OpenAI’s DALL-E creates plausible images of literally anything you ask it to – TechCrunch

DALL-E is OpenAI’s latest weird yet catchy creation, Which through a hasty summary can be called “GPT-3 for images”. This makes a picture, photo, render or whatever method you prefer, whatever you can intelligently describe, from “a cat wearing a bow tie” to “a tutton is a decon radish in a dog”. But do not yet write a glossary of stock photography and illustration.

as always, Of OpenAI The description of its invention is quite readable and not overly technical. But it is a bit relevant.

What researchers Built with GPT-3 There was an AI that, given a hint, would try to produce a plausible version of what it describes. So if you say, “A story about a child who finds a witch in the woods,” it will try to write one – and if you press the button again, it will write it again, differently. And then, and again, and again.

Some of these efforts will be better than others; In fact, some will be barely relevant while others may be almost indistinguishable from something written by a human. But it does not produce garbage or serious grammatical errors, making it suitable for many types of tasks, as startups and researchers are now exploring.

DALL-E (a combination of Dali and WALL-E) takes this concept one further. Transforming images into text has been done by AI agents for years, but with ever-increasing success. In this situation the agent uses the understanding and context of the language provided by GPT-3 and its underlying structure to create a plausible image that matches a signal.

As OpenAI puts it:

GPT-3 showed that the language can be used to instruct a large neural network so that a variety of text formation tasks can be performed. Image GPT showed that the same type of neural network can also be used to generate images with high fidelity. We extend these findings to show that manipulation of visual concepts through language is now within reach.

What they mean is that an image generator of this type can be manipulated naturally, simply by telling them what to do. Sure, you can dig into its guts and find a token that represents color, and decode its path so that you can activate and change them, the way you can stimulate neurons of a real brain . But you won’t do this when your employees ask the illustrator to make something blue instead of green. You just say, “a blue car” instead of “a green car” and they get it.

So it is with DAL-E, who understands these signs and rarely fails in any serious way, although it must be said that even on the best view of a hundred or thousand attempts, the many pictures that arise Do, they are a little more… off. Of which later.

In the OpenAI post, researchers give abundant interactive examples of how the system can be said to make minor variations of the same idea, and the results are appreciable and often quite good.
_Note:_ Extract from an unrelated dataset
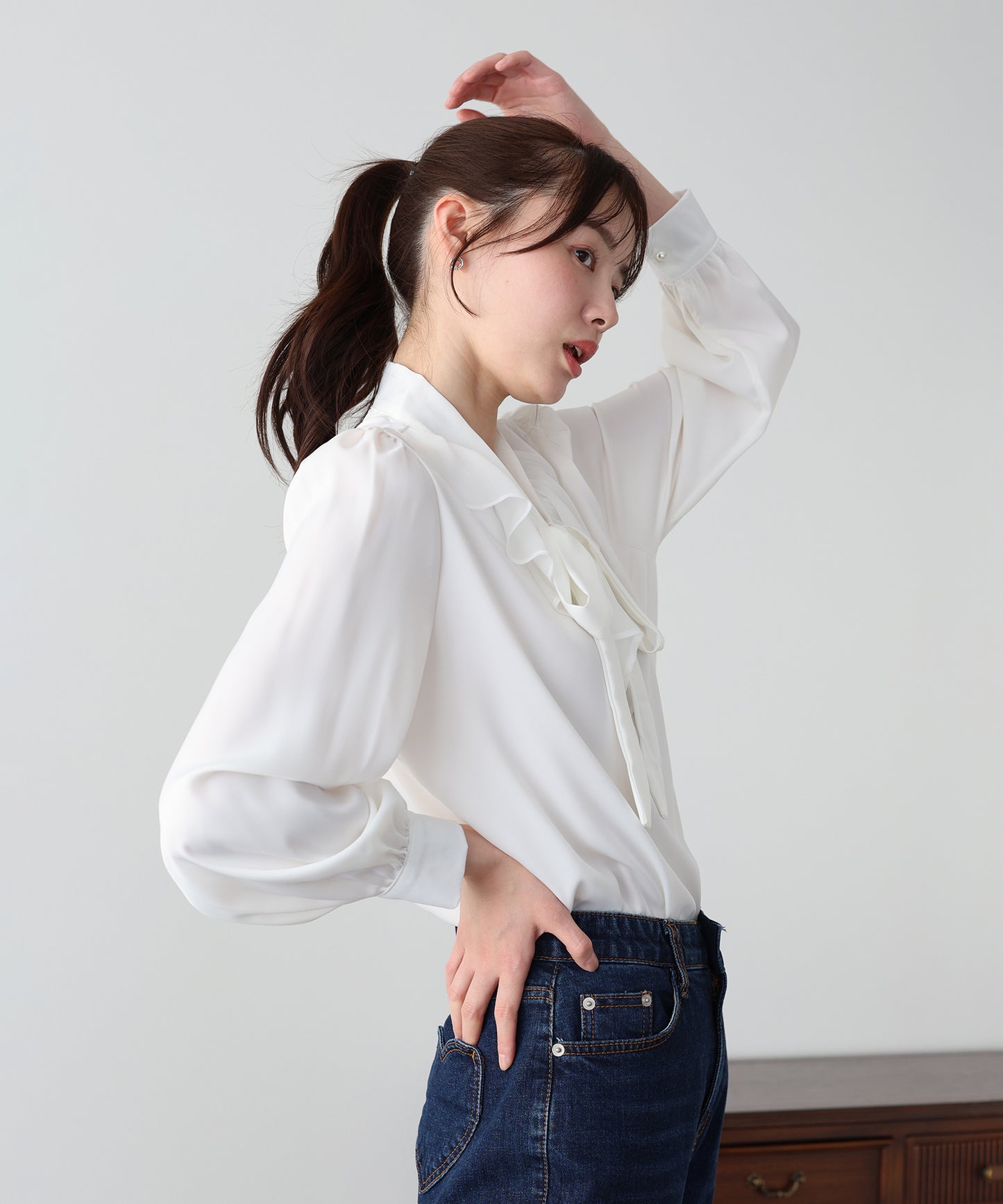 フリルブラウス【ネコポス】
The truth is that these systems can be very fragile, as they accept DALL-E in some ways, and say what one might expect “a green leather purse like a Pentagon,” but “one A blue suede purse shaped like the Pentagon may produce “nightmare fuel. Why? Given the black-box nature of these systems, it is difficult to say.

Image courtesy: OpenAI

But DALL-E is remarkably strong for such changes, and reliably produces much of what you ask for. A squirt of guacamole, a sphere of zebra; A large blue block sitting on a small red block; Front view of a happy capybara, a isometric view of a sad capybara; and so on and so forth. You can play with all the examples on the post.

It also demonstrated some untold but useful behaviors, using intuitive logic to interpret requests such as asking it to make multiple sketches of the same (non-existent) cat, the original at the top and the bottom. With sketch. There is no special coding here: “We did not anticipate that this capability would emerge, and no modifications were made to the neural network or training process to encourage it.” This is right.

Interestingly, OpenAI, another new system of CLIP, was used in conjunction with DALL-E to understand and rank the images in question, although this is slightly more technical and difficult to understand. . You can read about CLIP here.

The implications of this ability are many and varied, not only that I will not try to visit them. Even OpenAI punishes:

In the future, we plan to analyze how models such as DALL · E relate to the economic impact on certain work processes and occupations, the potential for bias in model output, and the long-term ethical challenges inherent by this technique.

Right now, like the GPT-3, this technology is amazing and yet difficult to make clear predictions.

In particular, very little of what it produces actually seems “final” – that is to say, I can’t ask it to create a lead image for anything I’ve written recently and expected Am that this will be something that I can use without modification. Even a brief inspection reveals all types of AI (The specialty of Jenelle Shane), And while these rough edges will certainly buffer over time, it is far from safe, in the way that GPT-3 text cannot be sent unaided to a place of human writing.

The following shows the collection, it helps to generate many and select the top:

AI-generated images of dogs walking radishes.

The top eight out of a total of X were generated, with X moving to the right. Image courtesy: OpenAI

This is no different from the achievement of OpenAI. It is fabulously interesting and powerful work, and like other projects of the company there is no doubt that something more spectacular and will develop into interesting before long.